2023-09-26 04:46:51

by Zach O'Keefe

[permalink] [raw]
Subject: [PATCH v4] mm/thp: fix "mm: thp: kill __transhuge_page_enabled()"

The 6.0 commits:

commit 9fec51689ff6 ("mm: thp: kill transparent_hugepage_active()")
commit 7da4e2cb8b1f ("mm: thp: kill __transhuge_page_enabled()")

merged "can we have THPs in this VMA?" logic that was previously done
separately by fault-path, khugepaged, and smaps "THPeligible" checks.
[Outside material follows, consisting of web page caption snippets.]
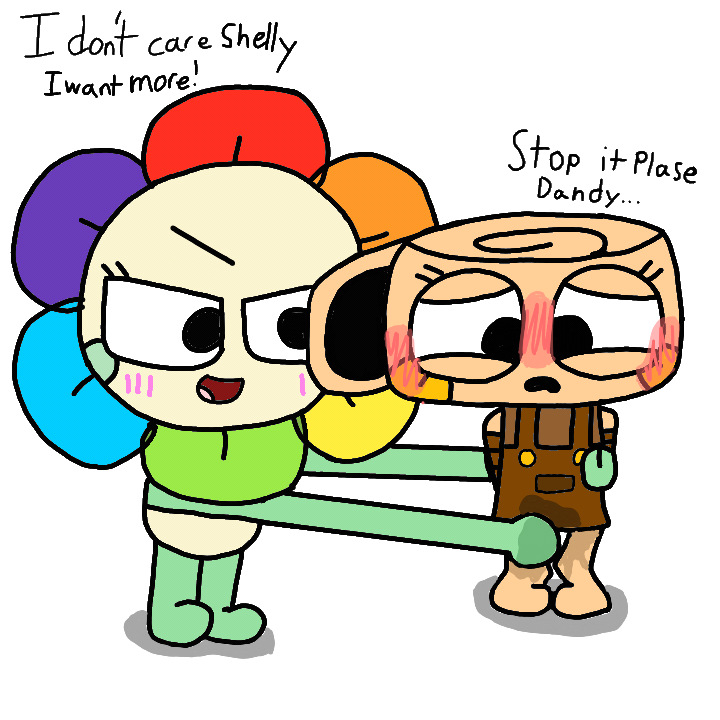 Dandy x Shelly (wrong role)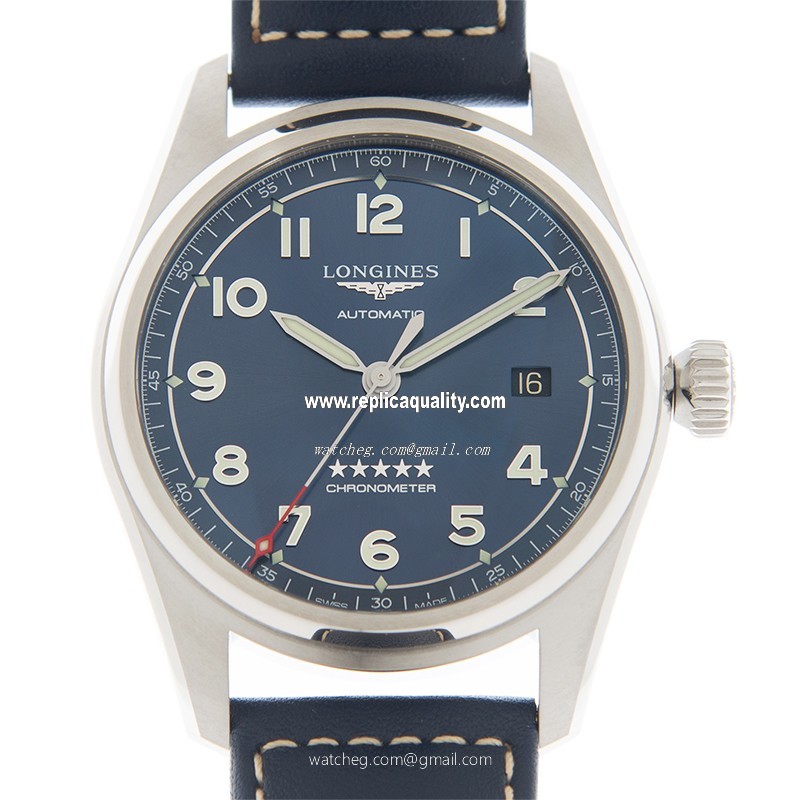 Longines SPIRIT L3.810.4.93.0 Automatic Stainless Steel Dark Blue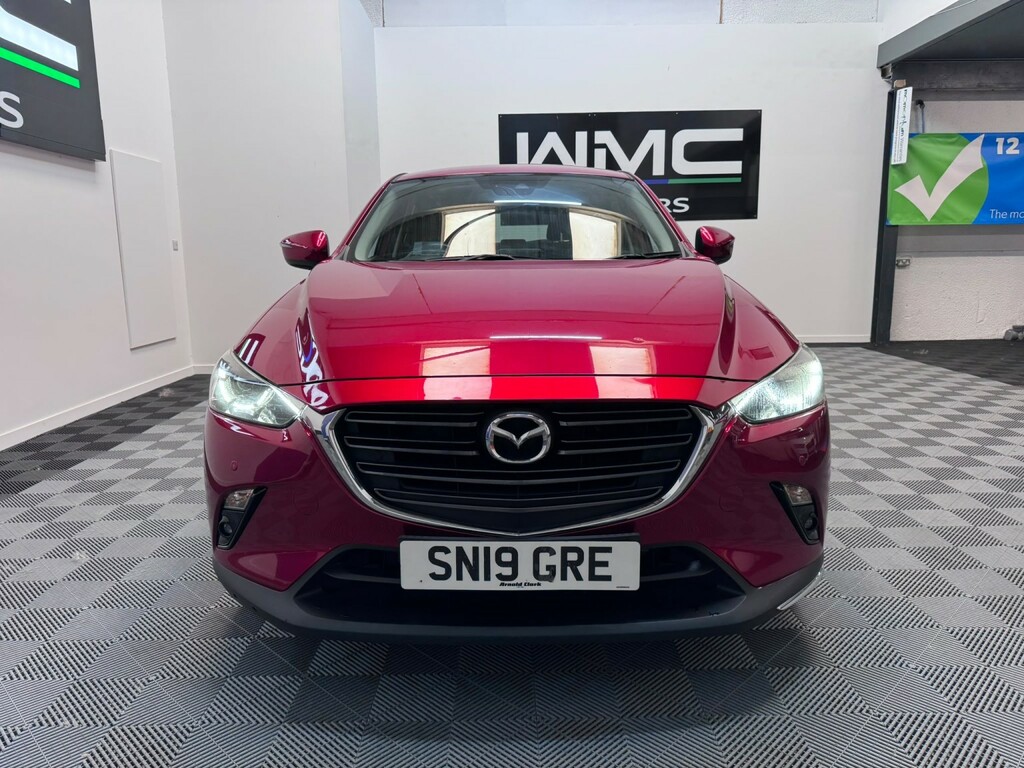 Mazda CX-3 2.0 Skyactiv-g Sport Nav Red #3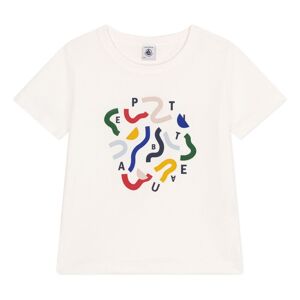 Petit Bateau T-shirt Mikado - Blanc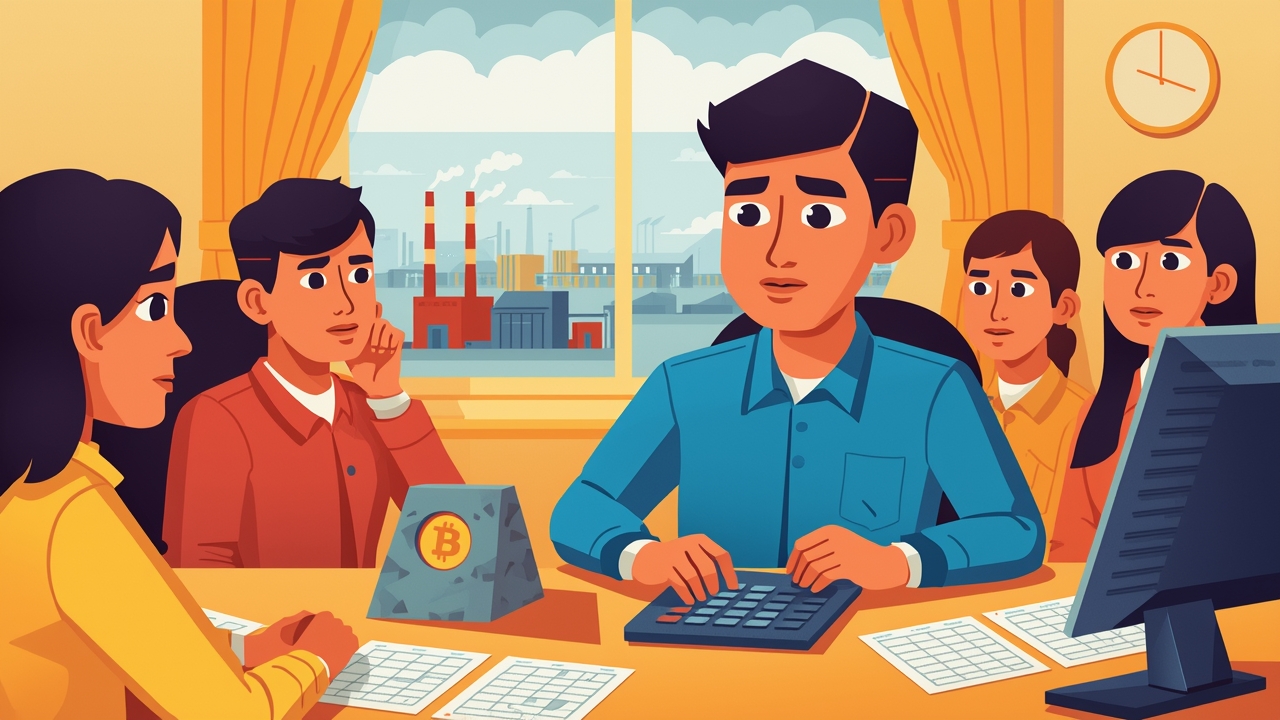 Worker's year of labor buys one bitcoin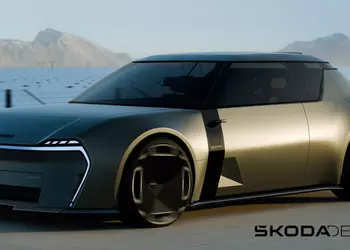 Skoda reinterpreta la classica coupé 1000 ...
During the process, the semantics of the fault path check changed in two
ways:

1) A VM_NO_KHUGEPAGED check was introduced (also added to smaps path).
2) We no longer checked if non-anonymous memory had a vm_ops->huge_fault
handler that could satisfy the fault. Previously, this check had been
done in create_huge_pud() and create_huge_pmd() routines, but after
the changes, we never reach those routines.

During the review of the above commits, it was determined that in-tree
users weren't affected by the change; most notably, since the only relevant
user (in terms of THP) of VM_MIXEDMAP or ->huge_fault is DAX, which is
explicitly approved early in approval logic. However, this was a bad
assumption to make as it assumes the only reason to support ->huge_fault
was for DAX (which is not true in general).
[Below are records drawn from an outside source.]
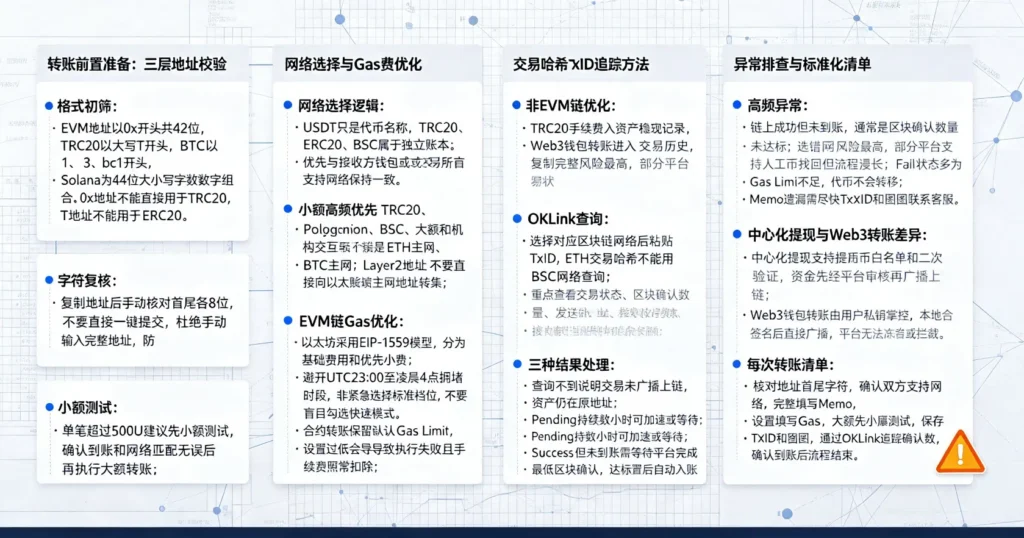 地址 Gas 与 TxID 追踪指南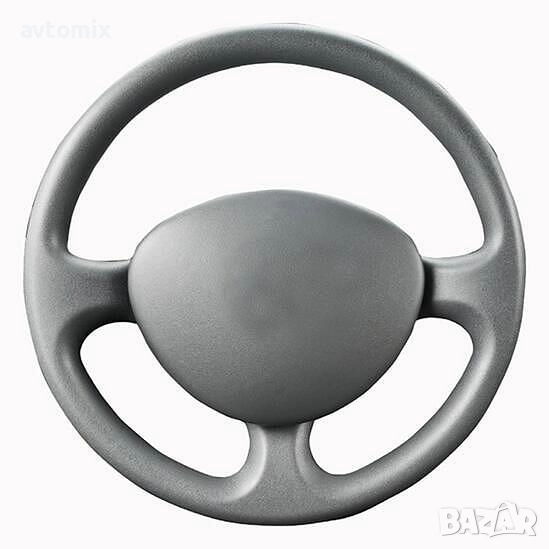 Кожен калъф за волан шиещ, Fiat Doblo, снимка 1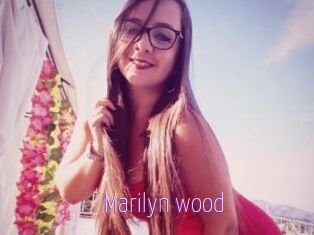 Marilyn_wood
Remove the VM_NO_KHUGEPAGED check when not in collapse path and give
any ->huge_fault handler a chance to handle the fault. Note that we
don't validate the file mode or mapping alignment, which is consistent
with the behavior before the aforementioned commits.

Fixes: 7da4e2cb8b1f ("mm: thp: kill __transhuge_page_enabled()")
Reported-by: Saurabh Singh Sengar <[email protected]>
Signed-off-by: Zach O'Keefe <[email protected]>
Cc: Yang Shi <[email protected]>
Cc: Matthew Wilcox <[email protected]>
Cc: David Hildenbrand <[email protected]>
---
I've updated the changelog to reflect discussions in [1] -- leaving
ack to David / Matthew on whether to take the patch.

Changed from v3[1]:
- [akpm / David H. / M. Wilcox] Updated log to capture email discussion
Changed from v2[2]:
- Fixed false negative in smaps check when !dax && ->huge_fault
Changed from v1[3]:
- [Saurabhi] Allow ->huge_fault handler to handle fault, if it exists

[1] https://lore.kernel.org/linux-mm/[email protected]/
[2] https://lore.kernel.org/linux-mm/[email protected]/
[3] https://lore.kernel.org/linux-mm/CAAa6QmQw+F=o6htOn=6ADD6mwvMO=Ow_67f3ifBv3GpXx9Xg_g@mail.gmail.com/

---
mm/huge_memory.c | 20 +++++++++++++-------
1 file changed, 13 insertions(+), 7 deletions(-)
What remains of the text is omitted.